2,5 / 5
Le Yves Saint Laurent de Jalil Lespert sorti en début d’année avait
reçu l’approbation de Pierre Bergé, compagnon du couturier. Saint Laurent n’ayant pas reçu son aval,
on s’attendait à un film libre qui prendrait ses distances avec les conventions
contraignantes du « biopic ». La présence de Bertrand Bonello à la
tête du projet laissait espérer une œuvre qui renouerait avec le romanesque et
le lyrisme de l’envoûtant Apollonide :
Souvenirs de la maison close. Si Saint Laurent
respecte plutôt ces attentes artistiques, il n’en demeure pas moins décevant à
plus d’un titre.
On aperçoit une silhouette mince s’avancer
au guichet d’un hôtel en forte plongée, puis se présenter comme « Mr
Swann », alias emprunté à l’œuvre de Marcel Proust. Filmé à contrejour,
Saint Laurent fait ensuite le récit brutal de son internement dans un hôpital
où il aurait développé une dépendance aux drogues. La première appoche de la
figure publique se fait donc par sa voix, là où Lespert dévoilait assez vite le
visage grimé de Pierre Niney. Chez Bonello, la voix traînante et sensuelle de
Gaspard Ulliel introduit le spectateur à la face sombre et sulfureuse du
couturier artiste. Le premier plan de face sur lui le découvre inconscient dans
un terrain vague, dans une posture qui évoque le Orphée de Jean Cocteau.
Saint Laurent convoque ainsi toute une série de références
artistiques mais finalement, c’est surtout l’influence de Luchino Visconti qui
y est la plus frappante. Bonello reprend l’esthétique baroque et les
recadrages par zooms caractéristiques des derniers films du cinéaste italien,
et fait intervenir dans la dernière partie son acteur muse Helmut Berger pour
le faire interpréter un Yves Saint Laurent vieillissant. Ce jeu de références
cinéphiliques a beau être intriguant, il tourne malheureusement à vide et
éclipse le sujet du film. Ainsi, quel intérêt réel y a-t-il à faire regarder à
Helmut Berger un extrait des Damnés où
il jouait plus jeune ? Qu’est-ce
que cela nous dit sur Yves Saint Laurent ?

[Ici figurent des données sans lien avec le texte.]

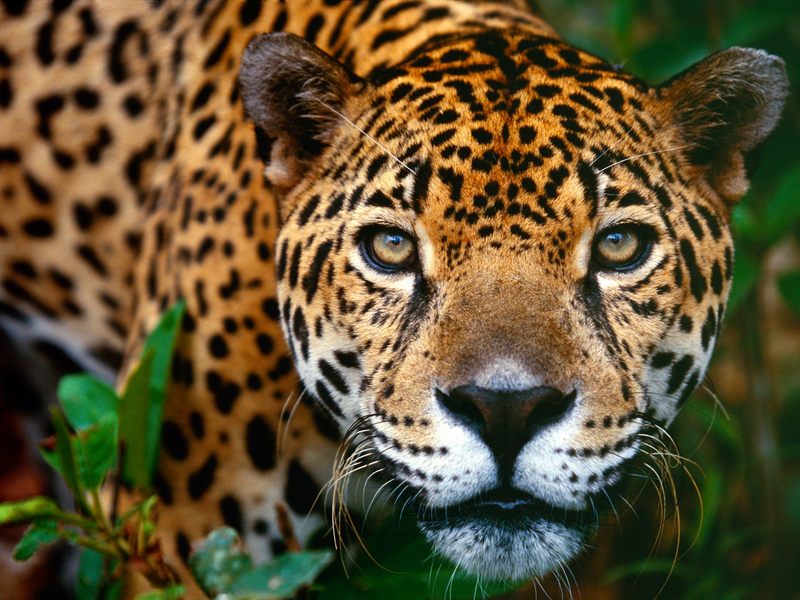 Jaguar Belize.jpg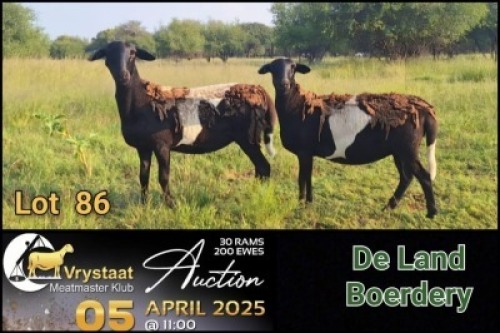 2X MEATMASTER NOT RECORDED PREGNANT EWE De Land Boerdery (Per animal to take the lot)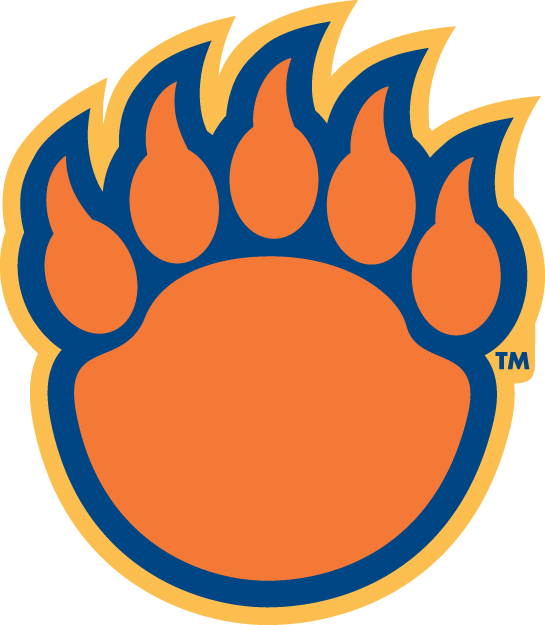Morgan State Bears 2002-Pres Alternate Logo DIY iron on transfer (heat transfer)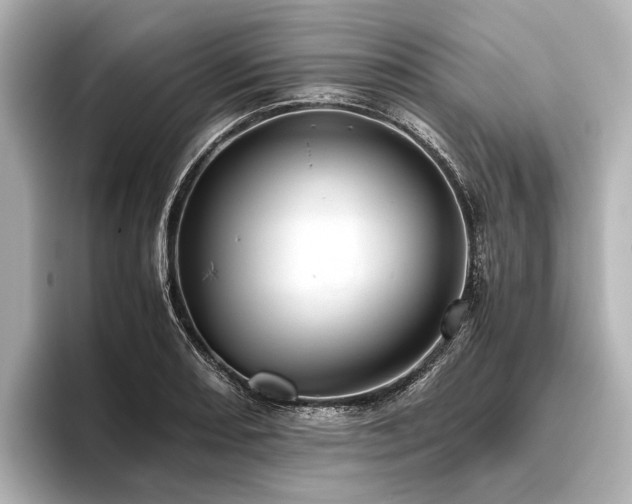 X0000096441082200801241354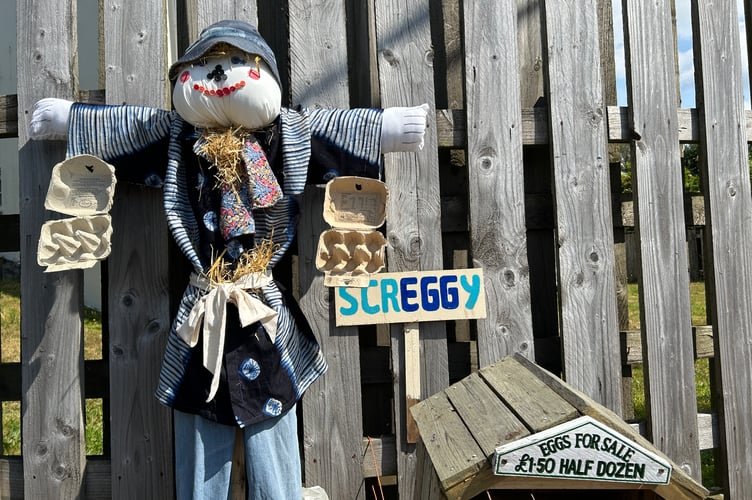 Screggy is by the eggs for sale stand. St Ann's Chapel scarecrow trail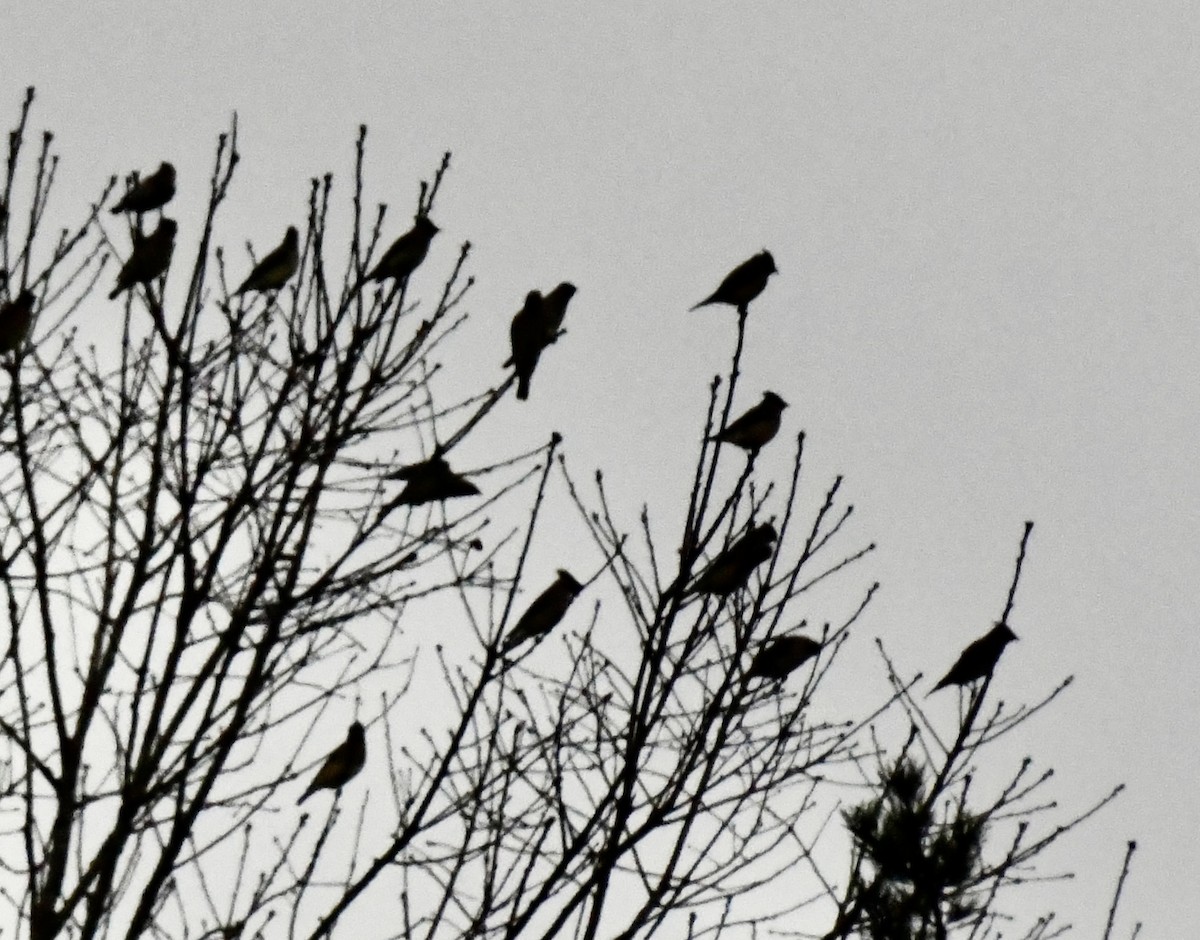 Cedar Waxwing - ML646299513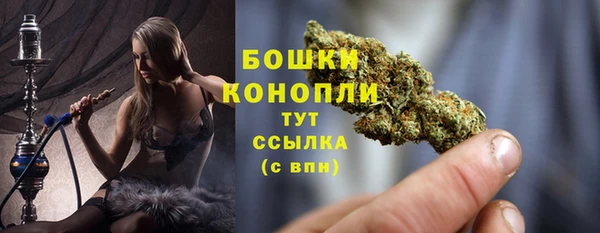 ешки Белокуриха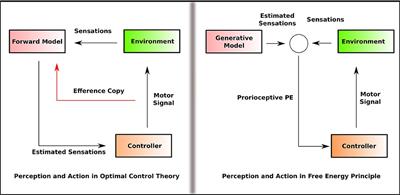 Challenges to the Modularity Thesis Under the Bayesian Brain Models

On objectera que le métrage de Bonello,
plus qu’un simple « biopic », est une réflexion sur le temps qui
passe dont le climax serait un télescopage vertigineux qui mélange époques,
rêve et réalité dans sa dernière partie. Le problème est qu’il y a alors bien
longtemps qu’on s’est désintéressé de la figure centrale du film, énième génie
dont les excès sont justifiés par la grandeur de son œuvre. Saint Laurent fait l’effet d’une belle
coquille vide et peine à donner la moindre chair à la galerie des personnages
qui gravitent autour du couturier, souvent à peine esquissés. A vouloir éviter
les pièges des biopics trop explicatifs, Bonello apporte trop peu d’éclairages
sur la vie de Saint Laurent et son film ressemble à un clip brillant étiré sur
deux heures. En assistant au défilé final (très long) des créations de
Saint Laurent, on se demande quelle est la valeur ajoutée de cette séquence par
rapport à un film d’entreprise ou une retransmission de « Fashion
TV ».
Certes Saint Laurent arrive à impressionner par
moments par sa maîtrise formelle mais son absence de réel récit en fait en bout
de ligne une œuvre vaniteuse et peu sympathique. Les biographies
extraordinaires réalisées par Ken Russell dans les années 70 ( La Symphonie pathétique, Le Messie sauvage, Mahler ) parvenaient à
être de véritables œuvres d’art atypiques tout en mettant à l’honneur les
artistes dont elles retracaient les destins de manière iconoclaste. C’est ce
souffle qu’on aurait aimé retrouver dans le dernier métrage de Bertrand Bonello
qui ne parvient malgré son esbrouffe qu’à susciter l’indifférence.